Je suis en asthénie complète depuis une semaine, je tiens à peine debout, je ne peux que dormir, et je mange très peu, sans qu’on sache bien pourquoi. Je reviens de ma sortie du jour, difficile, chaque pas est un effort, dans le froid, 50 m a/r pour aller chercher des résultats d’analyse, avec un équilibre précaire, et ce CONNARD de livreur dans la rue me dépasse et me bouscule avec sa grosse palette. Il s’arrête 10 m plus loin ce qui me laisse le temps de le rejoindre (genre 30 secondes, mêmes les petits vieux avec des cannes me dépassent) et je lui demande si ça ne le dérange pas de me bousculer.

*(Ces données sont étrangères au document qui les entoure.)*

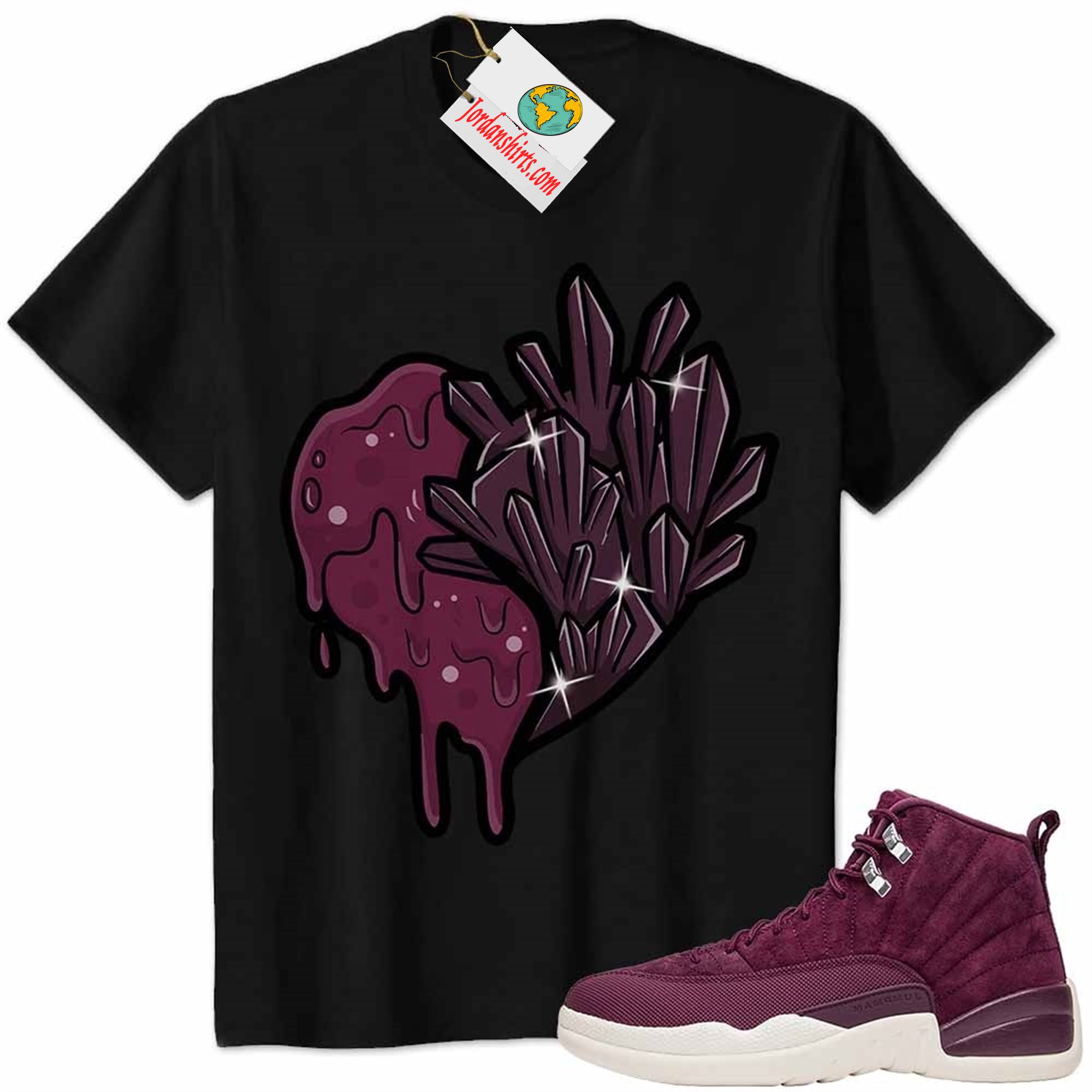 Jordan 12 Shirt, Crystal And Melt Heart Black Air Jordan 12 Bordeaux 12s Full Size Up To 5xl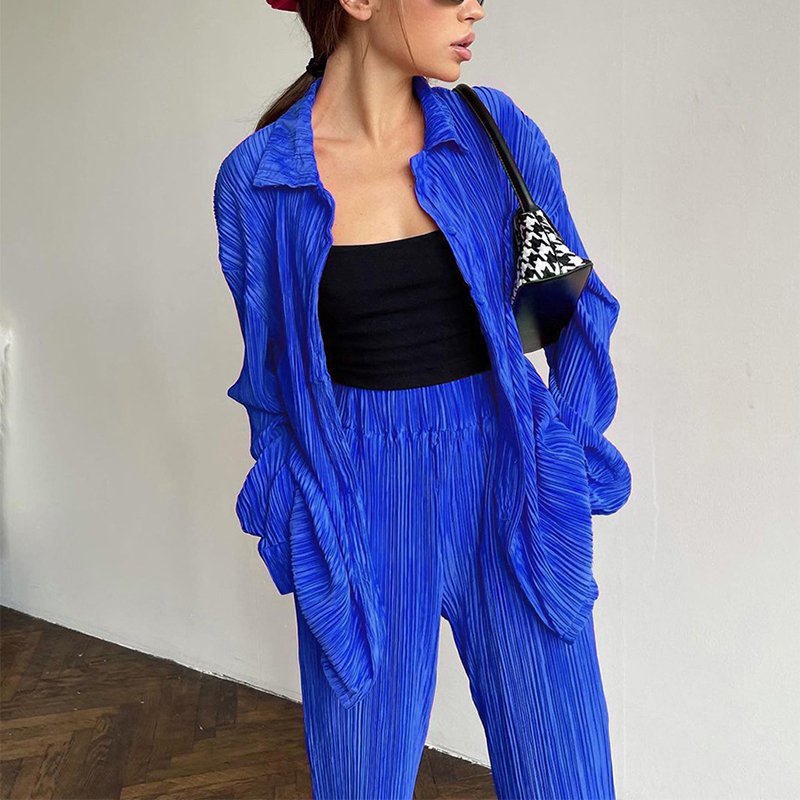 Fall new fashion pleated design long sleeve shirt suits straight pants loose casual women's two-piece sets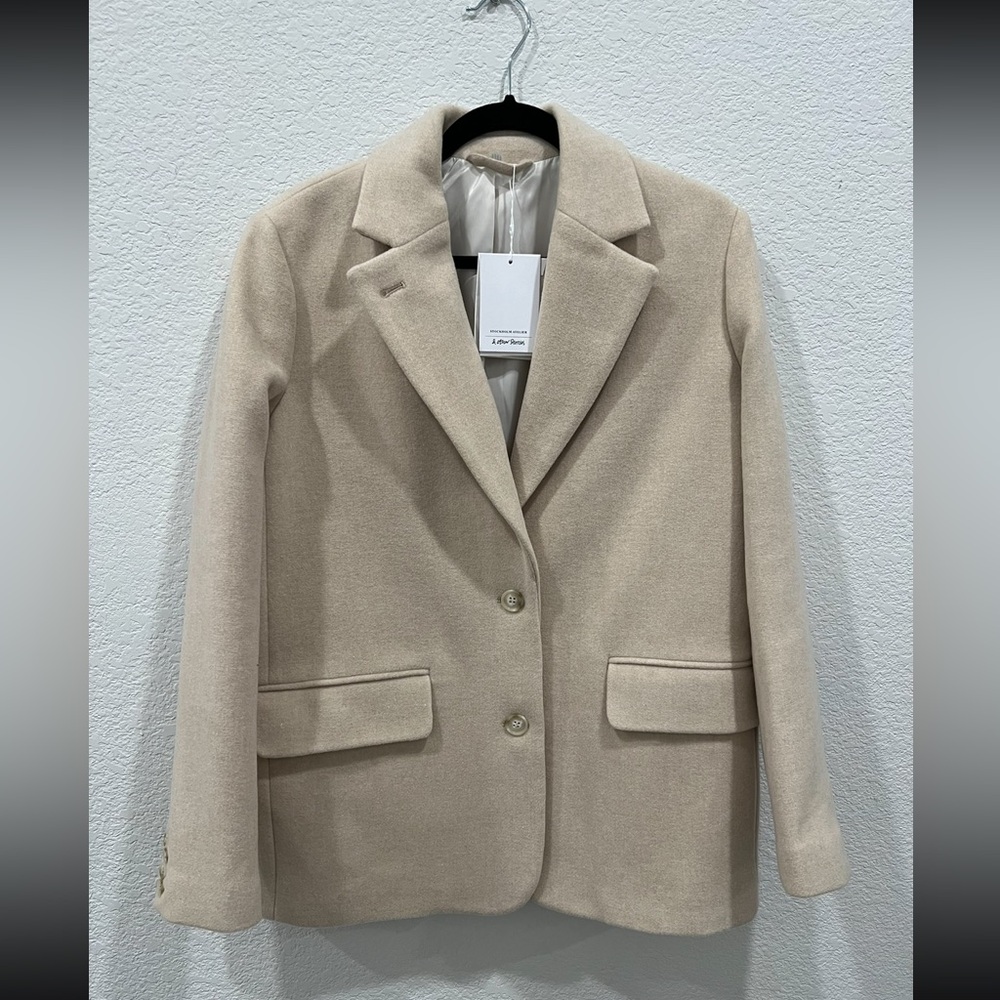 NWT Other Stories Manteco Wool Classic Women's Beige Blazer Jacket S 4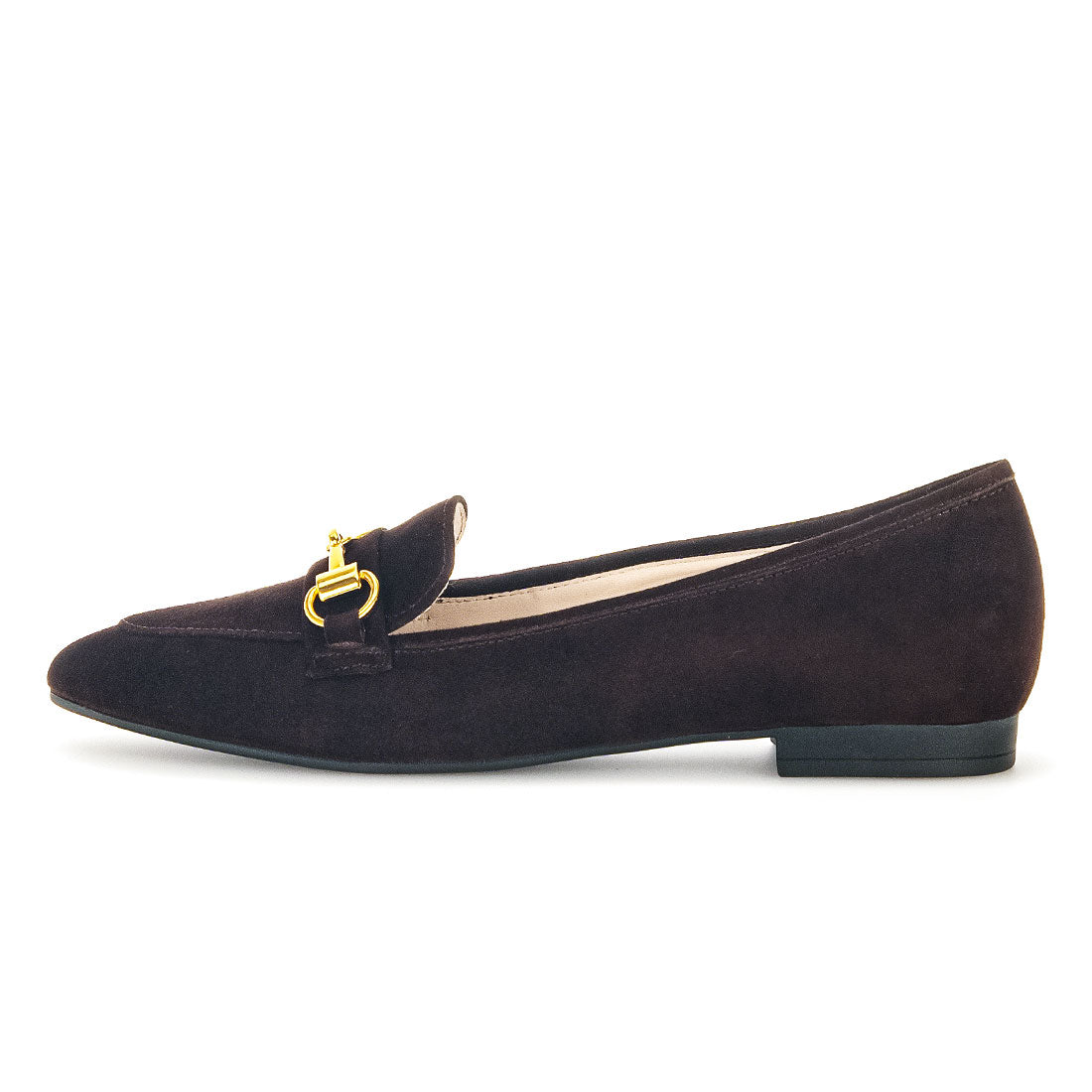 GABOR Brown suede loafer with gold bit,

Il me regarde et répond : et alors, est-ce que je t’ai vu quand je t’ai bousculé ?
je lui ai dit qu’il était un connard — comme on devrait toujours le faire quand on a un peu d’amour-propre, mais tous le monde n’en a pas.
car pour s’excuser, c’est l’intention qui compte apparemment, pas l’acte. je laisse au lecteur le plaisir morbide d’extrapoler à tous les enfers pavés de bonnes intentions.
mes cons/citoyens sont incapables, à 95%, de tenir compte de leur environnement, à TOUS les sens de l’expression — géographique, humain, écologique, signalétique, etc. encagés dans leur petit monde, dans leur grand espoir d’être un jour une Victime, production française n°1 devant le pinard et les accidents de la route. solipsistes ignares même du nom de leur névrose. je persiste et signe dans ce que je disais il y a qq temps : une société démocratique a les élites qu’elle mérite, et Sarkozy sera très naturellement notre prochain président.
et vous savez quoi ? en temps que petit blanc, catholique, laïc, monogame, non fumeur, buvant rarement, non toxicomane, urbain, cadre, exaggérément respectueux du code de la route, salarié, alphabétisé et bac+5, je n’en aurai rien à foutre. le monde, qui en a déjà une certaine intuition, pourra constater votre éclatante médiocrité au grand jour, et moi je vivrai aussi bien, sans plus de préoccupations nocturnes pour la situation des chauffeurs-livreurs périurbains intériméraires.

je ne le pense pas (pas complètement) mais ça défoule de l’écrire.